With humans requiring two to three quarts (~2 liters) of fresh water a day to stay alive, population projections for 2050 to be in excess of 9 billion, and only 2.5% of water on earth being freshwater, the challenges are enormous.
If you’re interested in the issues surrounding water in the 21st century and how the issues came to be, I don’t think there is another single book that encompasses all the issues in such great depth and detail.
You can buy it from Amazon for around $18.50. Now I just need to finish it!
January 27, 2010
Originally published in 1981, and began to be called ‘the bible of the simplicity movement’ shortly thereafter, Voluntary Simplicity by Duane Elgin apparently is “not a book about living in poverty, but living with balance. Elgin illuminates the changes that an increasing number of Americans are making in their everyday lives – adjustments in day-to-day living that are an active, positive response to the complex dilemmas of our time. By embracing the tenets of voluntary simplicity – frugal consumption, ecological awareness, and personal growth – people can change their lives and, in the process, save our planet.”
The book was apparently in much need of an update, the ecological landscape has changed much in twenty years, an the author has done much since, including winning the 2006 international Goi Peace Award. It’s a relatively short book, and with two forewords and an introduction to the second edition it gets a little shorter but they do explain the context of the book and sever as a good platform for what is to come.
Split into seven basic chapters it’s an relatively easy read, covering what simplicity really means (in his terms), and the lifestyle choices it can involve. However it’s not the strongest book on the practicalities of making such changes, but provides a thorough understanding of what choices there are.
It’s an interesting book but I’m struggling for more to say about it as it delivers what it offers. The resources section at the end is pretty useful too. Take a look at the latest edition on Amazon.
November 30, 2009
Henry N Pollack, the author of A World Without Ice was the contributing author to the 2007 Nobel Peace Prize, was a professor of geophysics at the University of Michigan for more than forty years and now serves as a science adviser to Al Gore’s Climate Project training programs.
The book attempts to show that it’s not difficult to envisage a world without ice, and how the relationship between humankind and ice is at a dangerous turning point. Ice is the direct source of drinking and agricultural ware for more that 25% of the earth’s population, and the possibility of “climate refugees” in places like New York, London and Japan is a distinctly real one.

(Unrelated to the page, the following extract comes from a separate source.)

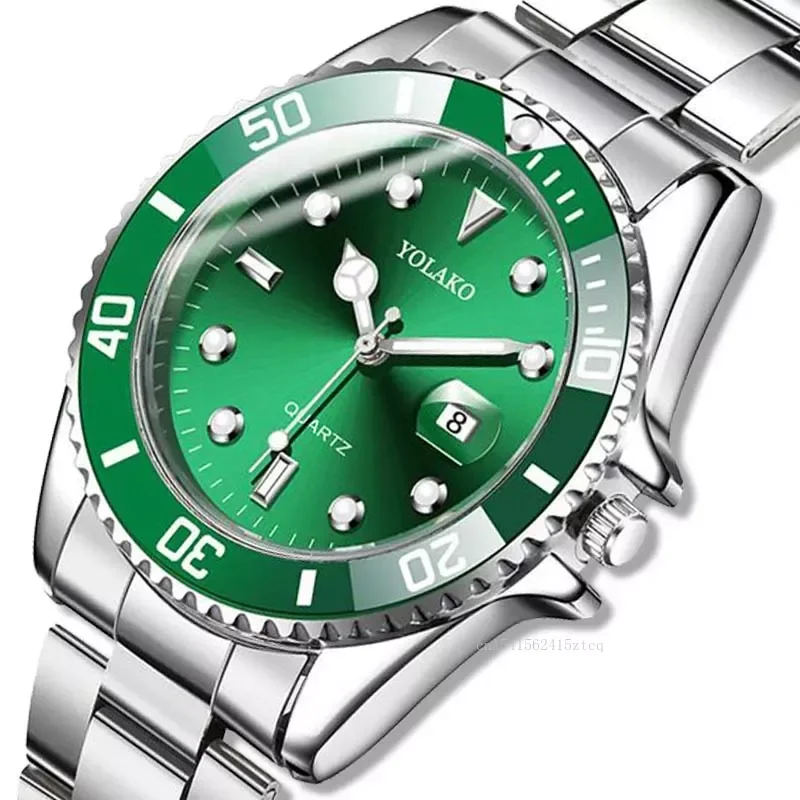 

Sell Like Hot Cakes Fashion Stainless Steel Wristwatch Men Quartz Calendar Green 2023 Best Selling Products Dropshipping Relogio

It feels, perhaps deliberately, old-fashioned. I love a book with maps, black and white drawings in, and quotes at the start of each chapter. It makes the reading seem more enjoyable and “real” for some reason. The author explains why ice is such a great indicator (or barometer) of climate change and why changes have such a big impact in the world of ice, and beyond.
The historical context into which facts and arguments were presented was most interesting to me, particularly the early chapter on Arctic tourism. Each chapter has numerous sub-headings throughout that nicely break up the text for easier reading.
I actually found the background, history and factual information around ice more interesting than the later parts about the impact humans are having. Again, perhaps this was deliberate, it made ice seem much more important, and even wondrous, before telling us of what will happen if it keeps declining. A very interesting read overall though, worth a look.